== Activity ==
The lines from the one containing "2017 AUDI Q7 3.0T PREMIUM 8" through the last line below, both ends included, must be reproduced exactly, with no pictures.

== Data shown ==

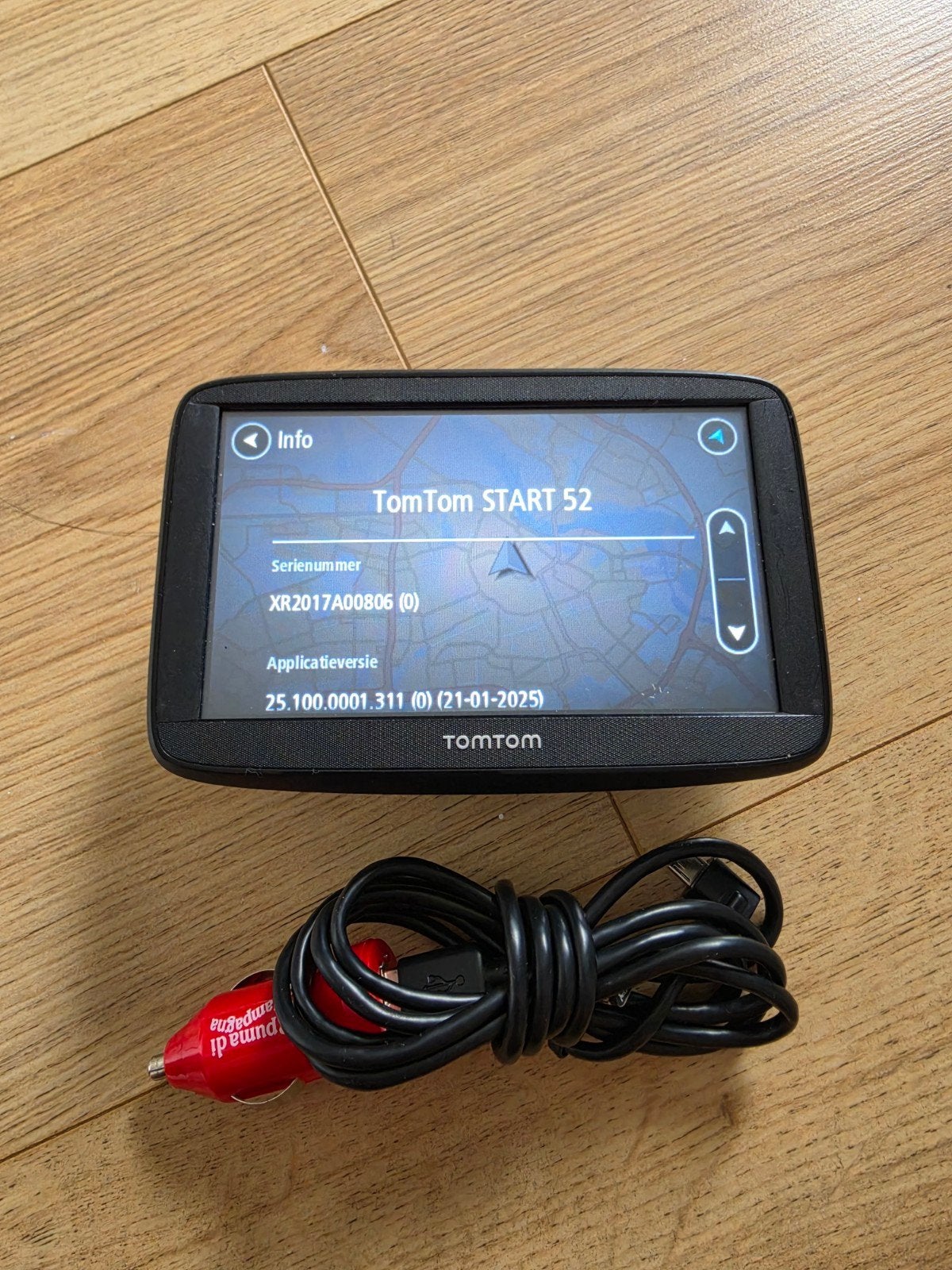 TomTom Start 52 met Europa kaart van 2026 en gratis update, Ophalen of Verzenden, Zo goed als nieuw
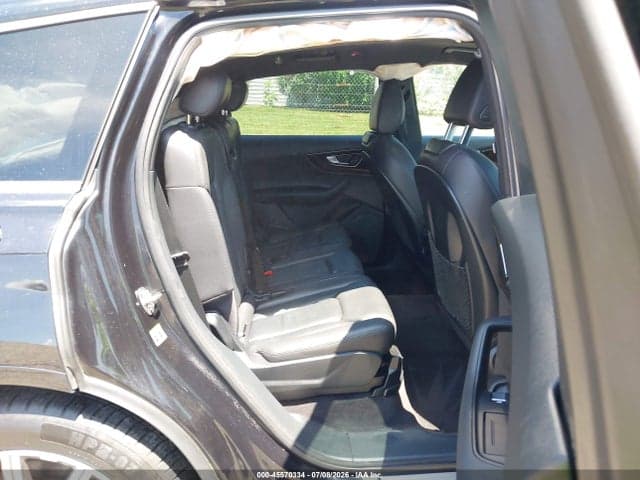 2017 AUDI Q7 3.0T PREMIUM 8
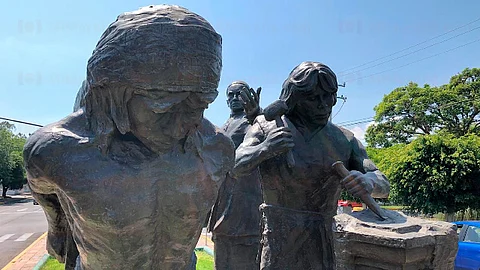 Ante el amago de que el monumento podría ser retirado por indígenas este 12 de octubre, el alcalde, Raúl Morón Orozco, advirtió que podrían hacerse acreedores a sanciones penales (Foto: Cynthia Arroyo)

== Exercise output ==
 2017 AUDI Q7 3.0T PREMIUM 8
 Ante el amago de que el monumento podría ser retirado por indígenas este 12 de octubre, el alcalde, Raúl Morón Orozco, advirtió que podrían hacerse acreedores a sanciones penales (Foto: Cynthia Arroyo)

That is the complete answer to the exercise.